Beneficiaries Behind Ant Group
Xi scuttled Ant Group’s $35 billion initial public offering two days before the Hong Kong and Shanghai dual debut was scheduled in November 2020, because he believed the real beneficiary may be the Jiang faction.
The ownership structure of Ant is complex, revealed firstly by China’s state-run media Caixin on Aug. 27, 2020.
One of the investors is Boyu Capital, a private company founded in part by Alvin Jiang Zhicheng. He is the oldest grandson of the former regime leader Jiang Zemin. Boyu holds the shares through a private equity firm, Beijing Jingguan Investment Center.
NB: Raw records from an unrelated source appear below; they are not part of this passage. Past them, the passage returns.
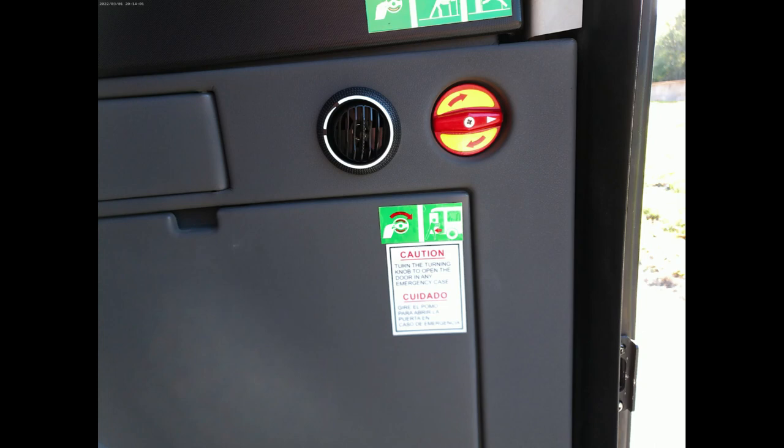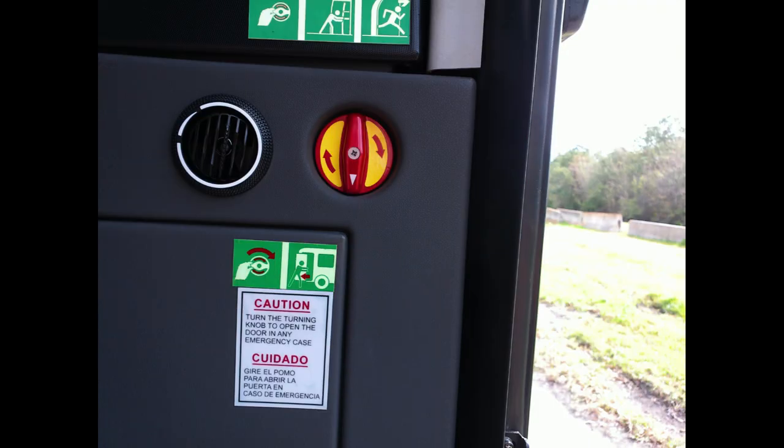Last, we will discuss the manual operation of the door. From inside the coach, locate the air release valve — it will be in the horizontal position. Rotate the knob clockwise; this will release the air from the door system. Next, push the door open manually. A little resistance is normal.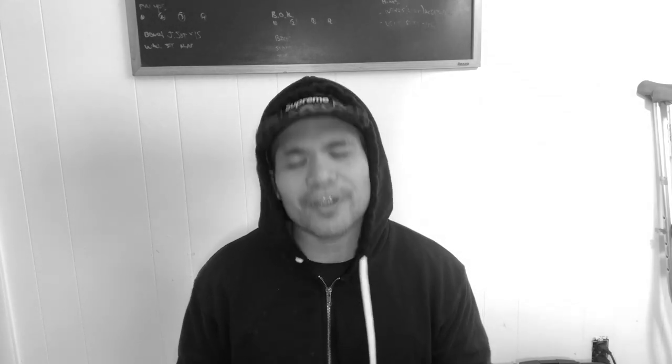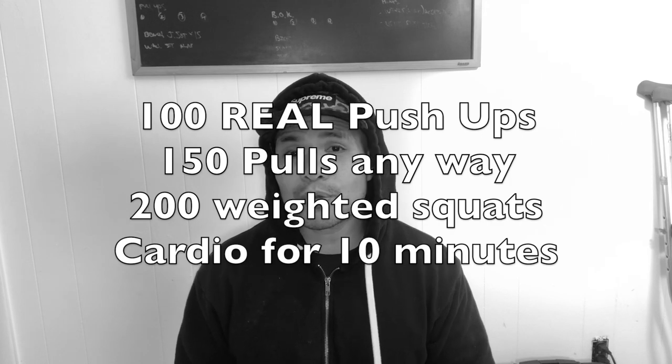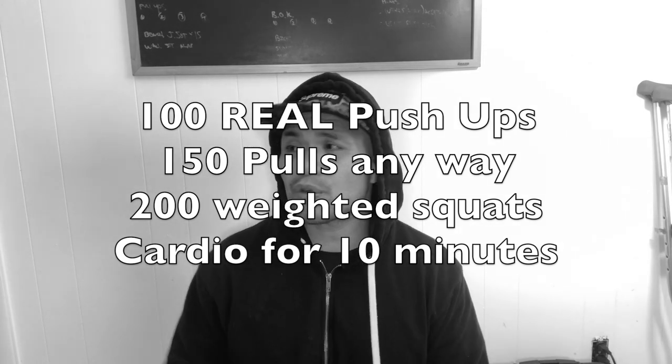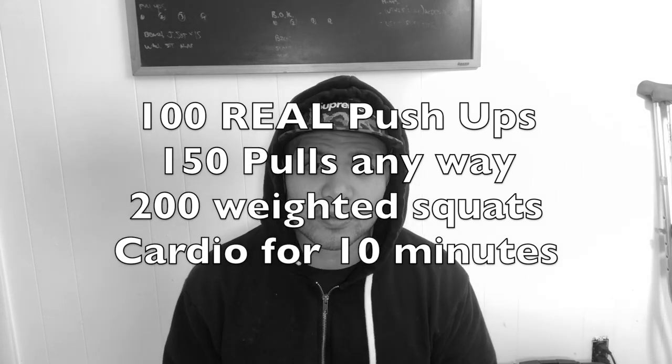That is the workout for today — really to prep us up for Memorial Day weekend. I really hope I'm good for it and I really hope you guys are prepared, because that's pretty much what the world's going to do. It is a Murph-type workout: 100 push-ups elevated, 150 pulls any way you want — towel, band, inverted rows — and 200 loaded squats, then cardio afterwards.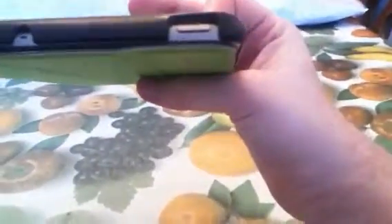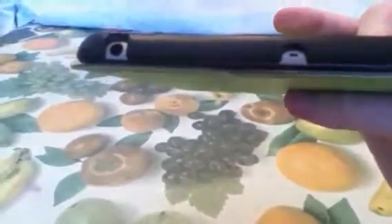Now let's talk technology-wise. This is shock-resistant. Your speakers and your port are exposed for top quality music. All your buttons on top are exposed — your mic, your headphone jack, and your volume buttons.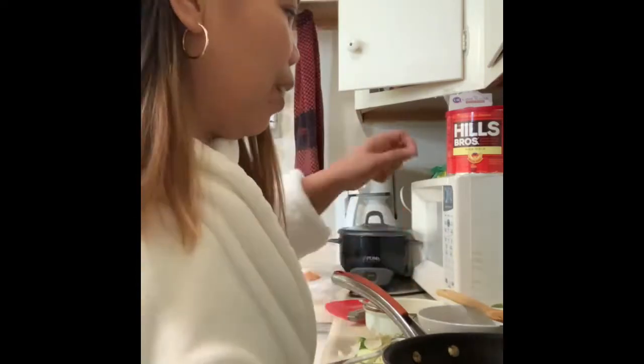Hi everyone, good morning! Today I'll show you what I usually cook for my breakfast and lunch here in America. I love to eat, so now I'm gonna cook ampalaya with egg — very complicated, right? Yeah!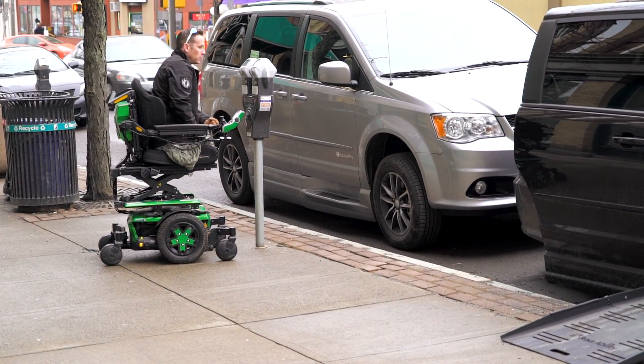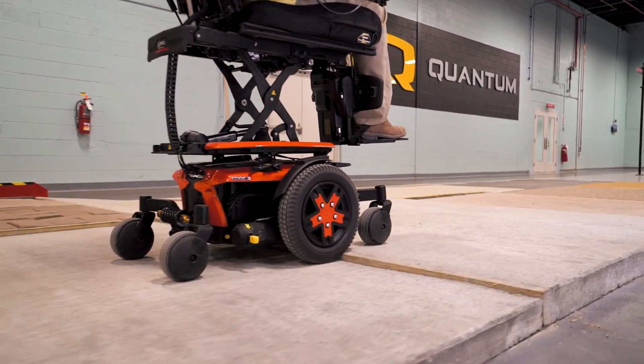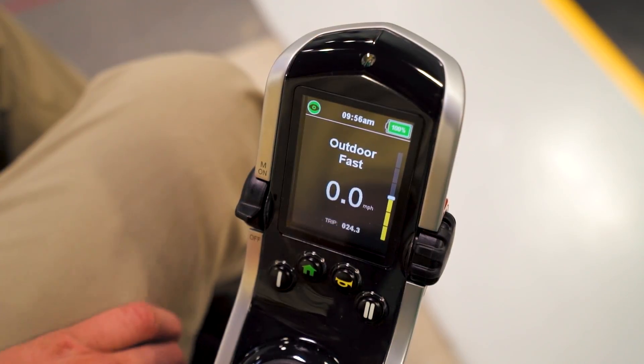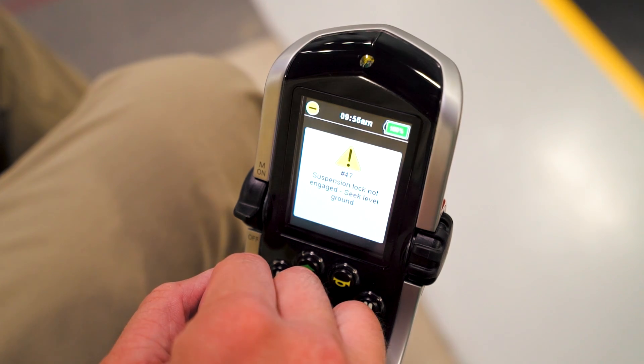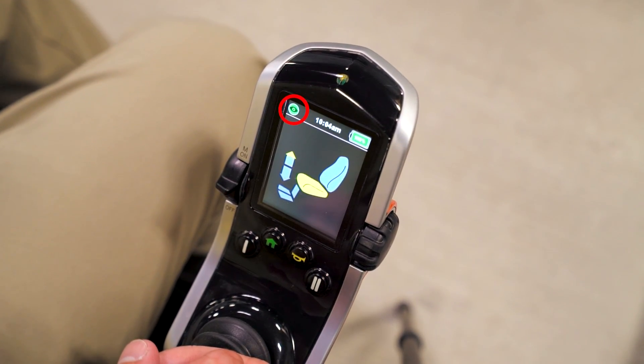Once the lift is activated, iLevel locks out the movement of the front caster wheels while still allowing 1.5 inches of safe climbing mode. If the Quantum Power Base is not on a level surface, the controller's screen will display a message that iLevel is not engaged. When the Quantum Power Base is on a level surface and the iLevel system does engage, an icon appears on the controller.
Another shareholder linked to Jiang’s network is Li Botan, the son-in-law of the former head of a top-level Communist Party advisory committee, Jia Qinglin. Li invested in Ant through Beijing Zhaode Investment Group.
This year, Alvin Jiang’s Boyu Capital was moved from Hong Kong to Singapore and Shanghai according to The Wall Street Journal on Feb. 22.
The transition of the business to Hong Kong started in late 2019, coinciding with the time when Xi tightened control over Hong Kong. Key executives of the Hong Kong base have moved to its Singapore office, including the CFO Vincent Fok.
Shanghai is the base of the Jiang faction, which is also known as the Shanghai Gang, because most of its members hail from Shanghai and the surrounding area.
Commentator Li Linyi interpreted the suspension of Ant’s IPO and the transfer of Boyu as a sign that the factional conflicts have been transferred to the economy as Xi tries to bring the curtain down on Jiang’s era.
Xi’s High Roller Cousin
On Feb. 9, the WSJ reported that Australia’s largest casino operator Crown Resort had been found unfit to run its Sydney casino.
Crown has been dogged for years by allegations of illegal activity, such as money laundering and junkets bringing in high spending gamblers from Asia.
Chief among its high rollers is Australian citizen Ming Chai, one of Xi’s cousins.
He was under a broad investigation as part of broader organized crime and money laundering probes, the WSJ reported.
Chai is not the main target of the investigation, according to Australian officials. His ties to Tom Zhou, the millionaire Crown junket operator, were the focus of investigators. Both men were aboard when Australian federal agents searched a private jet with high-stakes gamblers in 2016.
Officials also looked at the source of Chai’s money.
Chai spent $39 million over 18 months starting in June 2012. The next year, according to gambling turnover, he was listed among the top 50 customers. He was described as a “VVIP,” a very, very important person in a trove of thousands of files leaked from Crown.
Chai’s father is a former high-ranking chief of the Chinese People’s Armed Police service. Before Chai become an Australian citizen, he held a senior position in ZTE, the telecommunications company closely linked to CCP, which was subject to bans by the United States over national security concerns.
A month later, the WSJ report’s co-author, Wong Chun Han, was expelled from mainland China.